Since it’s summer, lots of conferences going on:
The Institute in Princeton has its usual summer program designed to train graduate students and postdocs in string theory. The schedule and lecture notes are here.
On the opposite coast, with an opposite point of view about particle physics, there’s the SLAC Summer Institute, which is on LHC physics. The program and lecture notes are here. One of the organizers, JoAnne Hewett, has a posting about this at Cosmic Variance.
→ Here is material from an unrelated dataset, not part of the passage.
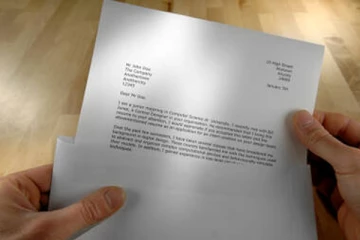 புதுக்குடியிருப்பு  ஆடைத் தொழிற்சாலை  திறப்பிற்கு எதிராக வழக்கு தாக்கல்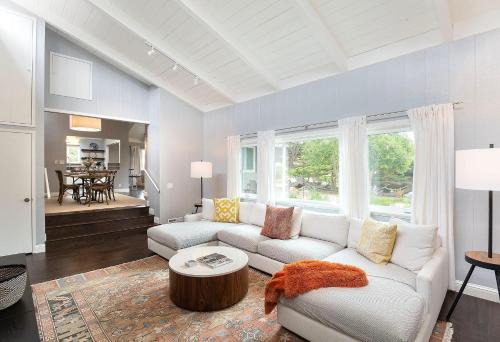 3890 Cypress Rest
Last weekend there was a conference entitled Under the Spell of Physics, in honor of ‘t Hooft’s 60th birthday. Many of the talks sound interesting; here’s the program, but unfortunately the talks are not online. From what I hear ‘t Hooft remains quite skeptical about string theory, Polyakov said that current ideas about how to apply string theory to nature are wrong, and the lack of progress in fundamental theory was a concern of many of the participants.
I’ve been thinking a lot about BRST recently, and happened to run across the Wikipedia entry for BRST Formalism. The entry had something I hadn’t seen before, a banner announcing that “This article or section may be confusing or unclear for some readers, and should be edited to rectify this”, and that the attention of an expert and a complete rewrite was needed. I have to say that I feel that way about most of the literature on BRST…
Soon to appear in the AMS Bulletin is an article by Sinai entitled Mathematicians and Physicists = Cats and Dogs?
The Cao-Zhu paper with a proof of Poincare/Geometrization is now out in paper copies of the Asian Journal of Mathematics, but still is not on the journal’s web-site. I hear that someone who called them to ask about this was told that they’re trying to make some money by selling the paper copies of this particular issue. Many libraries are now only paying for on-line access to journals like this, not sure what happens in this case. Today’s Wall Street Journal had an article by Sharon Begley about the Poincare proof story.
Jim Weatherall, who was recently a physics student at Harvard, now works at the Center for Science Writings at Stevens with John Horgan. He has a web-site, which includes his paper on Effective Field Theories and the Pragmatics of Explanation.
FQXI was supposed to announce the winners of its Templeton-funded grants this past weekend, but still nothing on their web-site. It will be interesting to see what their choices are for fundamental research in physics that is not being supported by the usual channels.
Update: The FQXI web-site now says they’ll be publicly announcing grants on Monday, July 31.